La sindaca nella dichiarazione spontanea ha ribadito di aver deciso di propria iniziativa il trasferimento di Renato Marra dal vertice del corpo dei Vigili urbani a quello del Turismo e che quindi non vi è stato nel provvedimento alcun conflitto d’interessi.

Che cosa potrà accadere se

 Virginia venisse condannata

Che cosa accadrà se la sentenza del giudice dovesse accogliere la richiesta dei due pubblici ministeri di condanna di Virginia Raggi? Se il codice etico di M5S sembra – anche a detta di Luigi Di Maio – “parlare chiaro”, il tema ‘exit strategy’ in caso di condanna della sindaca è uno scenario non del tutto irreale. Diverse le ipotesi che si rincorrono: da quella di andare avanti tutti, sindaca e maggioranza, senza il simbolo dei Cinque stelle, a quella di ricorrere ad una sorta di consultazione on line sulla piattaforma Rousseau per far esprimere la base M5S sul “lasciare o restare”.

La seconda opzione potrebbe prevedere le dimissioni della sindaca e il conseguente avvio della consultazione. Le dimissioni, come da regolamento, diventano effettive dopo 20 giorni e in questo periodo Raggi potrebbe ritirarle in caso di esito positivo del ‘referendum on line’. Lo stesso Ignazio Marino, spinto dall’ inchiesta sulle spese e gli scontrini, si dimise ma poi ritirò le dimissioni entro i 20 giorni per poi finire il suo mandato con le dimissioni in massa dei consiglieri del Pd davanti ad un notaio.

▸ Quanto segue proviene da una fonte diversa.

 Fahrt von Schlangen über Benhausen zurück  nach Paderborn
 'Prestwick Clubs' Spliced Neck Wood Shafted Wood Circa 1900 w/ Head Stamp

In alternativa alle dimissioni potrebbe essere valutata anche la possibilità di un’autosospensione della sindaca dalla sua carica, un po’ come fece il sindaco di Milano Giuseppe Sala alla notizia della sua iscrizione nel registro degli indagati per la vicenda Expo. In entrambi i casi, a prendere per un periodo le redini di Palazzo Senatorio sarebbe il vicesindaco Luca Bergamo (che proprio di recente ha dichiarato che a suo avviso si dovrebbe andare avanti in ogni caso).

La strada della consultazione on line tramite Rousseau, emersa nei rumors come ipotesi B, desta però qualche perplessità nel Movimento in quanto costituirebbe un precedente difficile da spiegare in altre, future, situazioni analoghe.

L’altra opzione, ovvero il continuare senza simbolo M5s, in linea di principio, dovrebbe coinvolgere non solo Raggi, ma l’intera maggioranza pentastellata. Tutti i consiglieri a quel punto, per sostenere una sindaca non più M55 (potrebbe, ad esempio, intervenire un’autosospensione di Raggi dal Movimento) dovrebbero rinunciare a stare sotto l’egida pentastellata e a trasferirsi in blocco nel gruppo misto dove ora alberga Cristina Grancio, la dissidente M5S che criticò da subito il progetto sullo stadio della Roma finito al centro di un’inchiesta.

Per ora in Campidoglio l’argomento non è mai stato affrontato in maniera ufficiale. Ma a microfoni spenti le posizioni dei consiglieri pentastellati hanno sfumature diverse. C’è chi sottolinea che nessun sindaco si è mai dimesso per una cosa del genere, chi si dice contrario alla prospettiva di andare avanti senza simbolo, chi non esclude la possibilità che si possa andare avanti con una Raggi senza simbolo, supportata da un gruppo che invece lo mantiene. La parola d’ordine, in ogni caso, resta ottimismo sulla possibilità di assoluzione.